WHAT YOU WILL DO:
Every entry below is to be copied word for word, with its pictures removed.

MATERIAL PROVIDED:
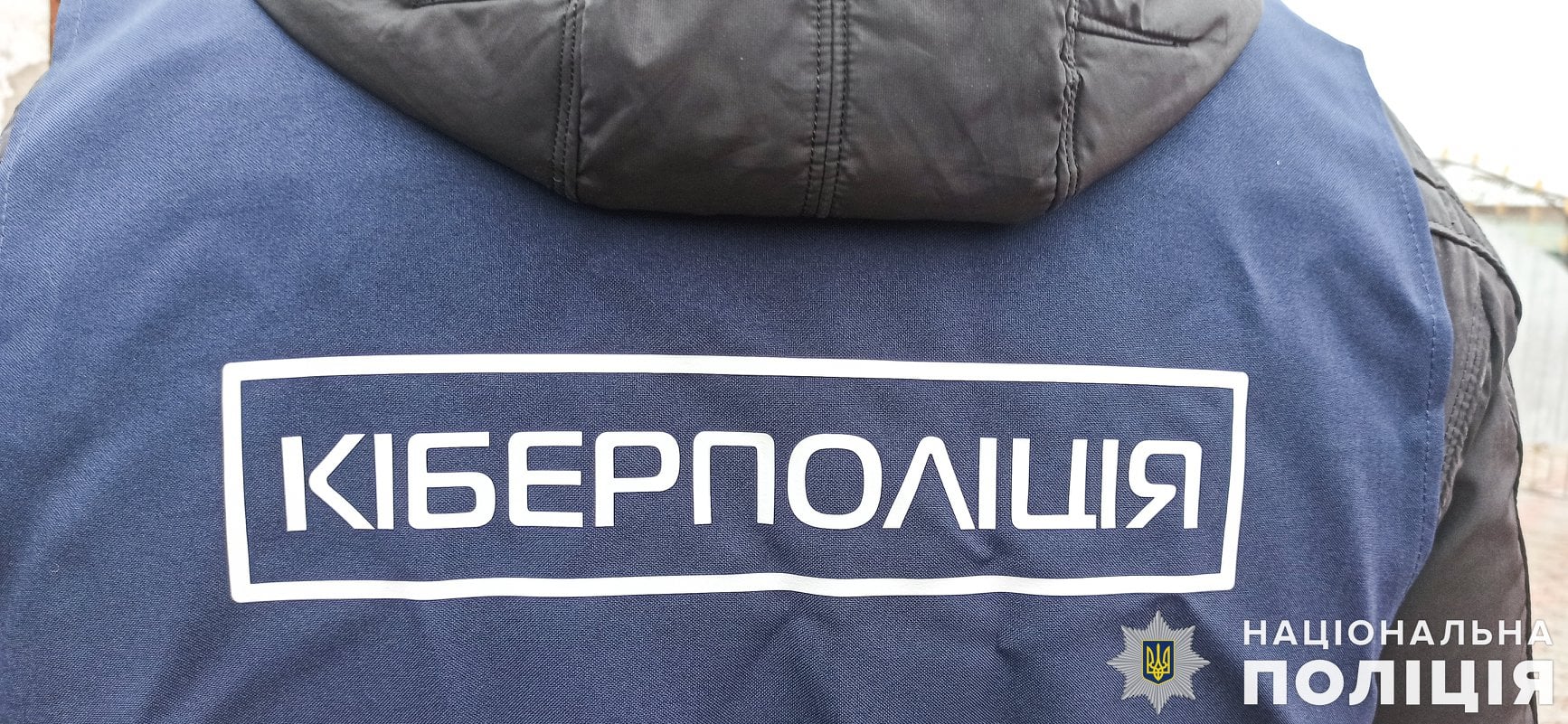 викрав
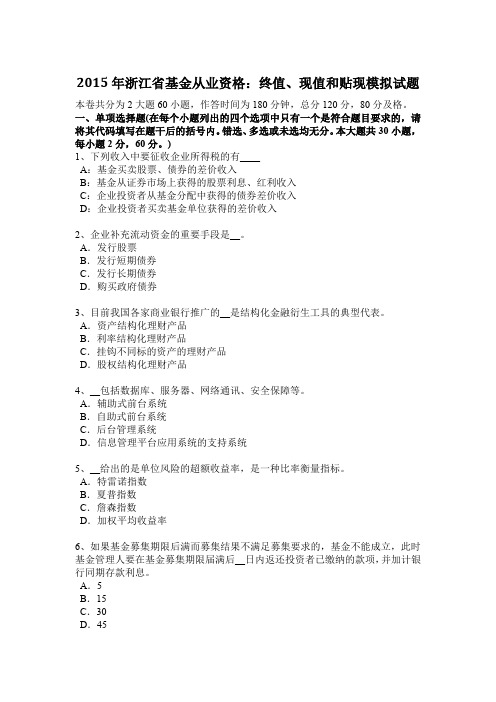 2015年浙江省基金从业资格：终值、现值和贴现模拟试题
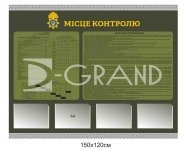 Стенд військовий 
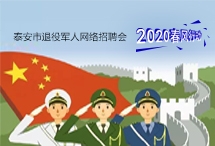 2020年泰安市退役軍人網絡專場招聘崗位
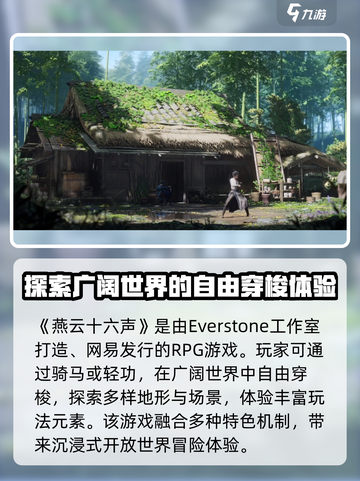 燕云十六声哪家游戏介绍截图2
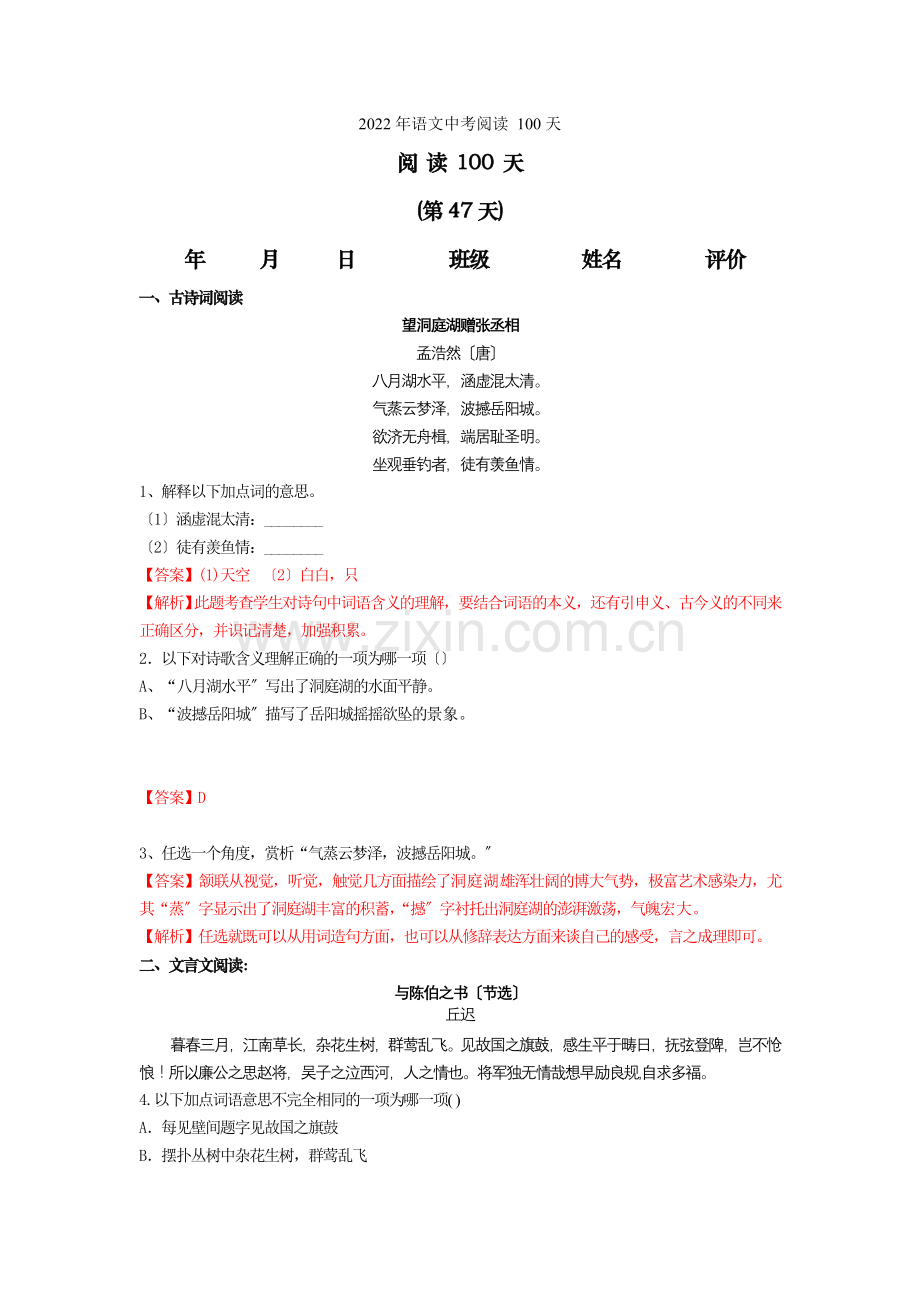 2022届中考语文复习阅读训练100天(46).docx_第1页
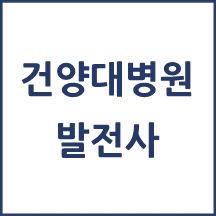 건양대병원 톺아보기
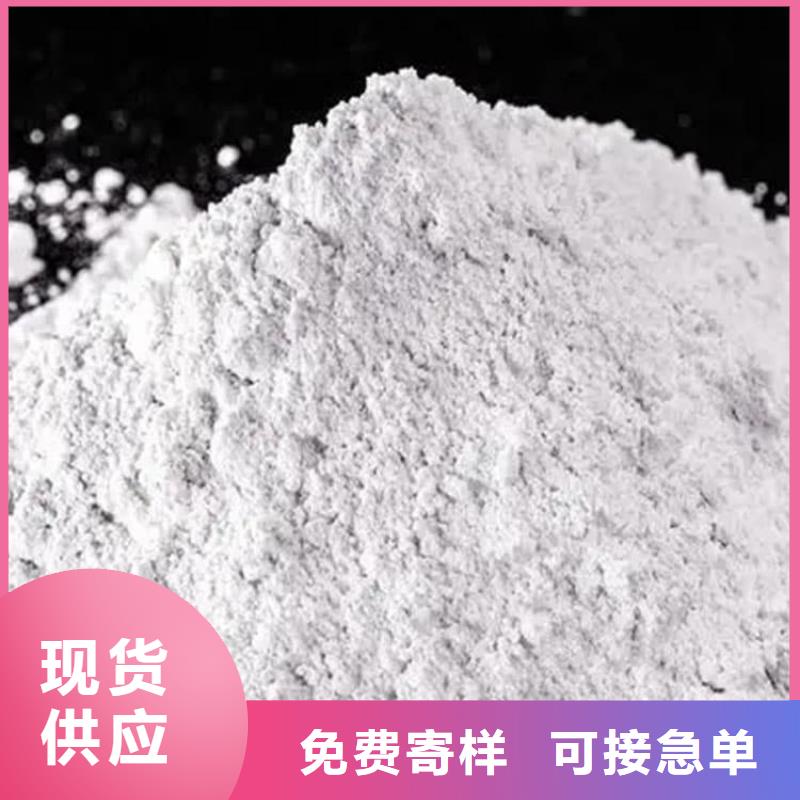 石灰高鈣生石灰大庫(kù)存無(wú)缺貨危機(jī)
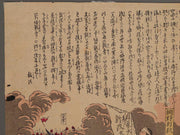 Kagoshimaken ari no sonomama, Saigo Takamori / BJ257-635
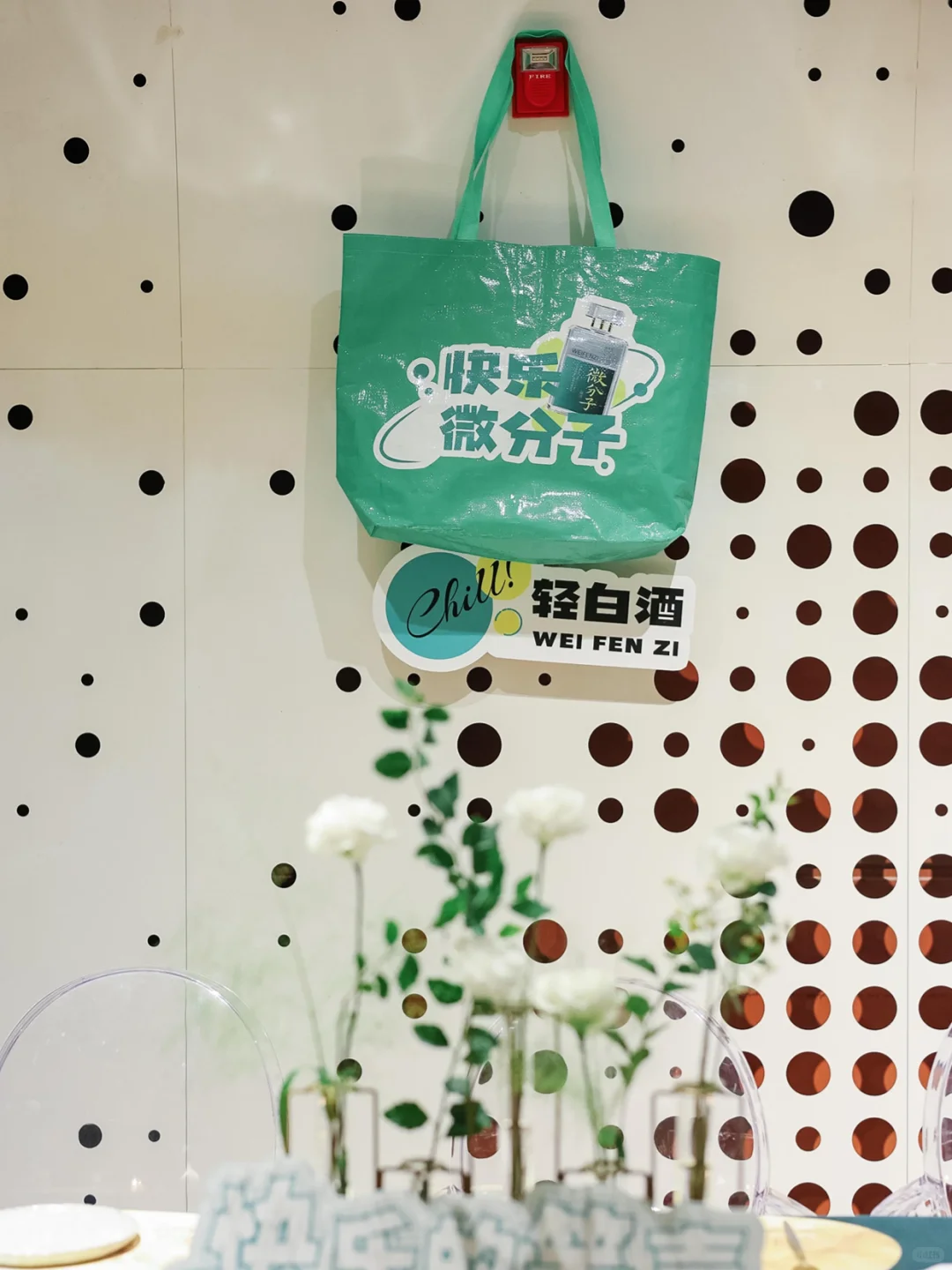 这场酒水活动，打工人速来“输液”！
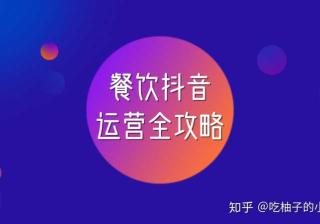 餐饮业如何轻松玩转抖音？这里有一份餐饮抖音运营全攻略 ...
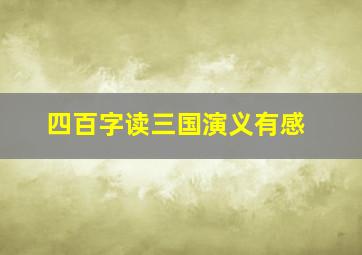 四百字读三国演义有感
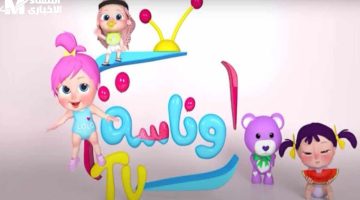 تردد قناة وناسة كيدز الجديد 2023 على نايل سات وعرب سات للأطفال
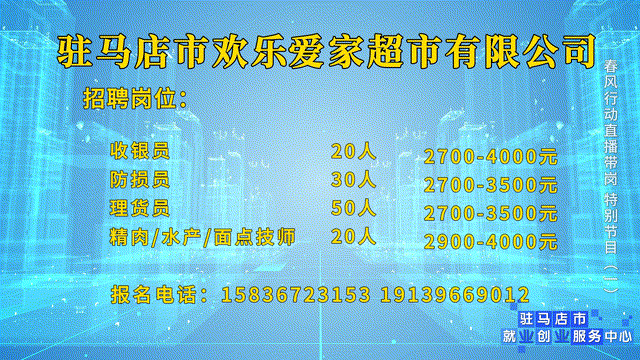 13.【你好創(chuàng)客 先鋒派】春風(fēng)行動(dòng)直播帶崗 特別節(jié)目（一）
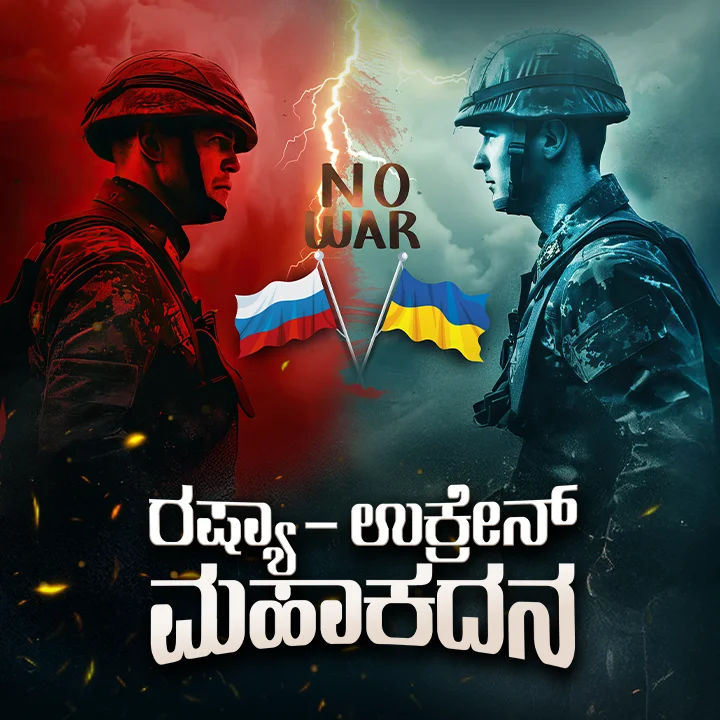 Russia-Ukraine maha samara.! | 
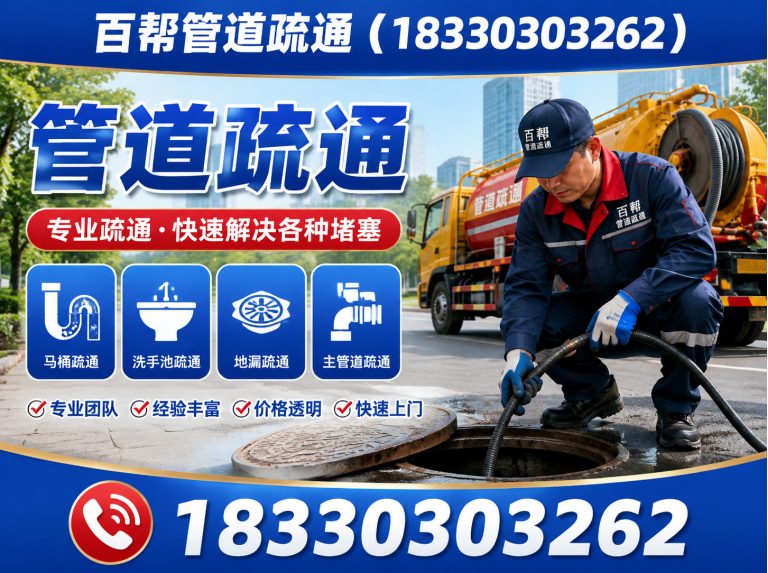 唐山高新技术产业开发区清淤服务展示图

PROBLEM SOLUTION:
 викрав
 2015年浙江省基金从业资格：终值、现值和贴现模拟试题
 Стенд військовий 
 2020年泰安市退役軍人網絡專場招聘崗位
 燕云十六声哪家游戏介绍截图2
 2022届中考语文复习阅读训练100天(46).docx_第1页
 건양대병원 톺아보기
 石灰高鈣生石灰大庫(kù)存無(wú)缺貨危機(jī)
 Kagoshimaken ari no sonomama, Saigo Takamori / BJ257-635
 这场酒水活动，打工人速来“输液”！
 餐饮业如何轻松玩转抖音？这里有一份餐饮抖音运营全攻略 ...
 四百字读三国演义有感
 تردد قناة وناسة كيدز الجديد 2023 على نايل سات وعرب سات للأطفال
 13.【你好創(chuàng)客 先鋒派】春風(fēng)行動(dòng)直播帶崗 特別節(jié)目（一）
 Russia-Ukraine maha samara.! | 
 唐山高新技术产业开发区清淤服务展示图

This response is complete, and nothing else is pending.